What the task requires:
Exact reproduction, images excluded: write out the records below.
:: Exercise inputs
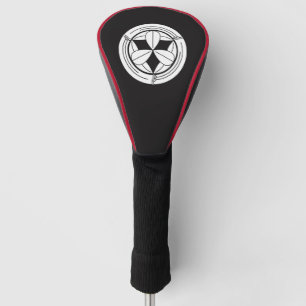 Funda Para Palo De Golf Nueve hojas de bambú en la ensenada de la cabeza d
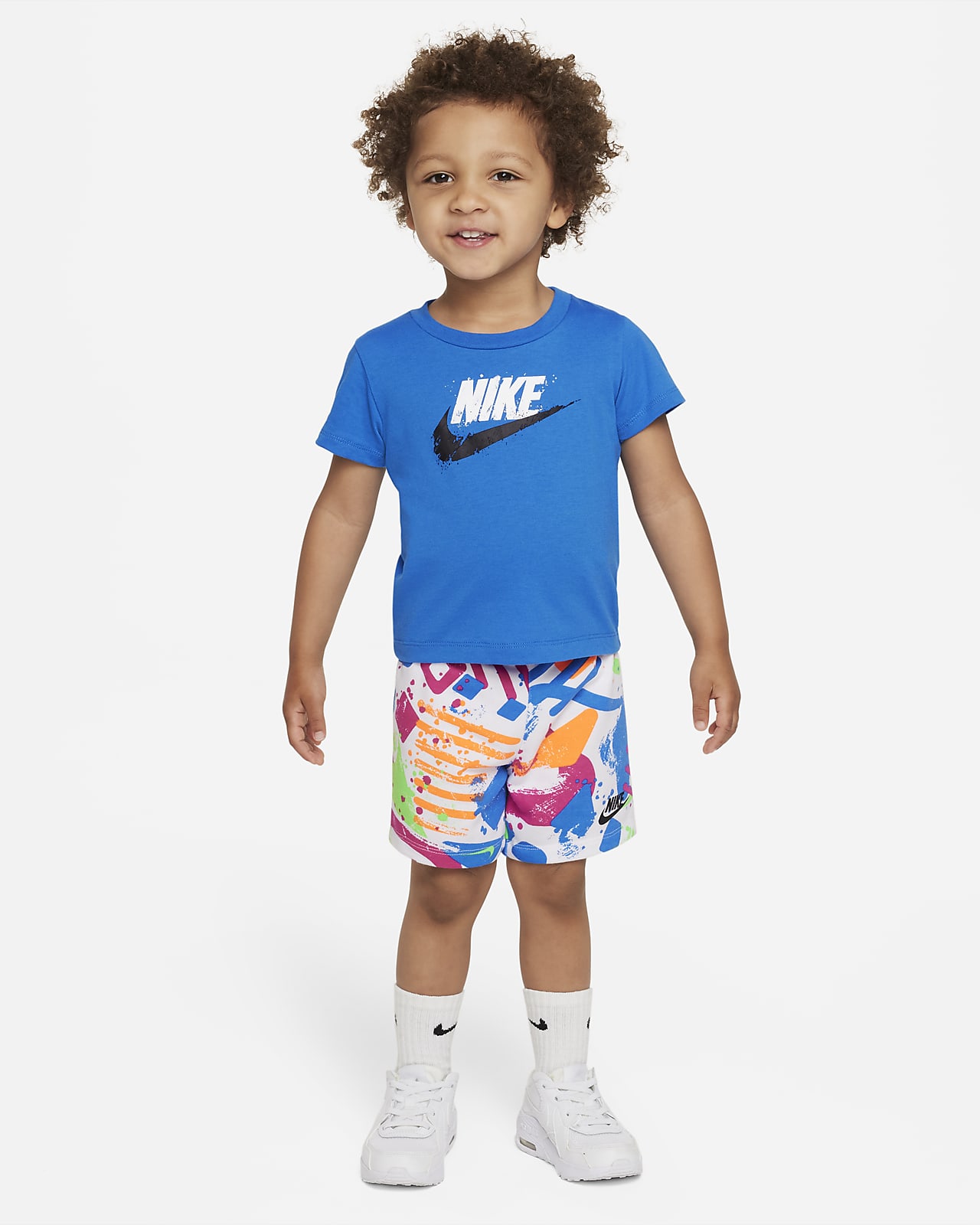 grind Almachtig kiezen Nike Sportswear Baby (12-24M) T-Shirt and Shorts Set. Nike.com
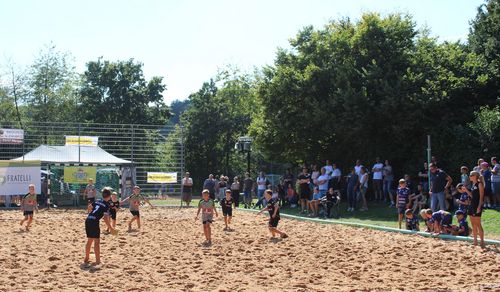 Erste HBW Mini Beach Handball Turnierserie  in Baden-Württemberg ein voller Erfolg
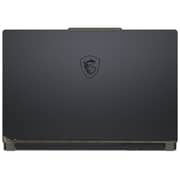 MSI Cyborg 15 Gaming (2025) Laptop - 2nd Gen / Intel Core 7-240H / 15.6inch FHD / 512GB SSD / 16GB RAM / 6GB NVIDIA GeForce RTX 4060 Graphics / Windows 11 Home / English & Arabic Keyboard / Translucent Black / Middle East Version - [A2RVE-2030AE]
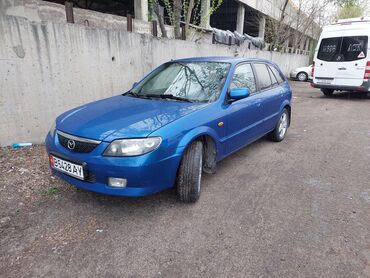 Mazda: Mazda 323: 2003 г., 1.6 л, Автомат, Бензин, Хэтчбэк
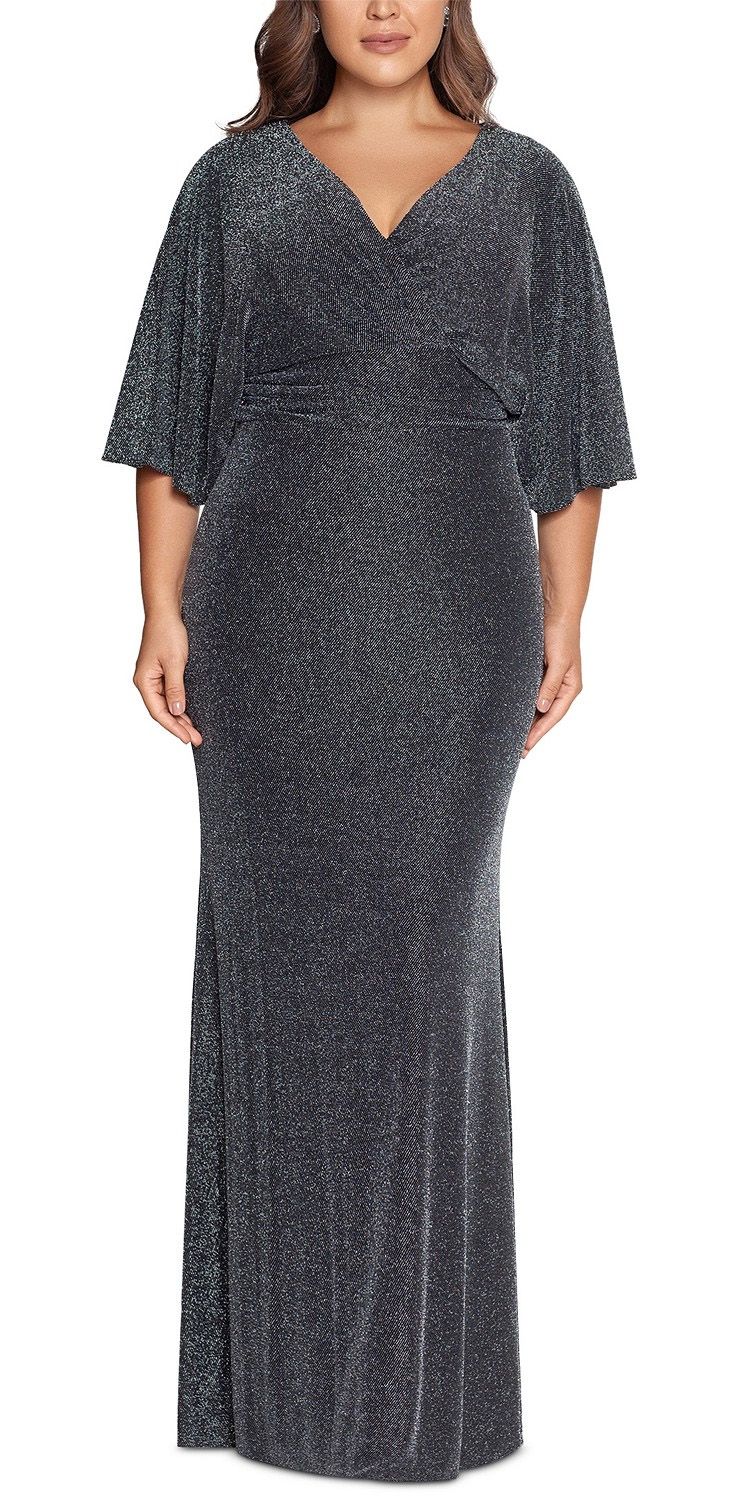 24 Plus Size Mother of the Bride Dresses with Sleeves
::::
Result of the exercise:
 Funda Para Palo De Golf Nueve hojas de bambú en la ensenada de la cabeza d
 grind Almachtig kiezen Nike Sportswear Baby (12-24M) T-Shirt and Shorts Set. Nike.com
 Erste HBW Mini Beach Handball Turnierserie  in Baden-Württemberg ein voller Erfolg
 MSI Cyborg 15 Gaming (2025) Laptop - 2nd Gen / Intel Core 7-240H / 15.6inch FHD / 512GB SSD / 16GB RAM / 6GB NVIDIA GeForce RTX 4060 Graphics / Windows 11 Home / English & Arabic Keyboard / Translucent Black / Middle East Version - [A2RVE-2030AE]
 Mazda: Mazda 323: 2003 г., 1.6 л, Автомат, Бензин, Хэтчбэк
 24 Plus Size Mother of the Bride Dresses with Sleeves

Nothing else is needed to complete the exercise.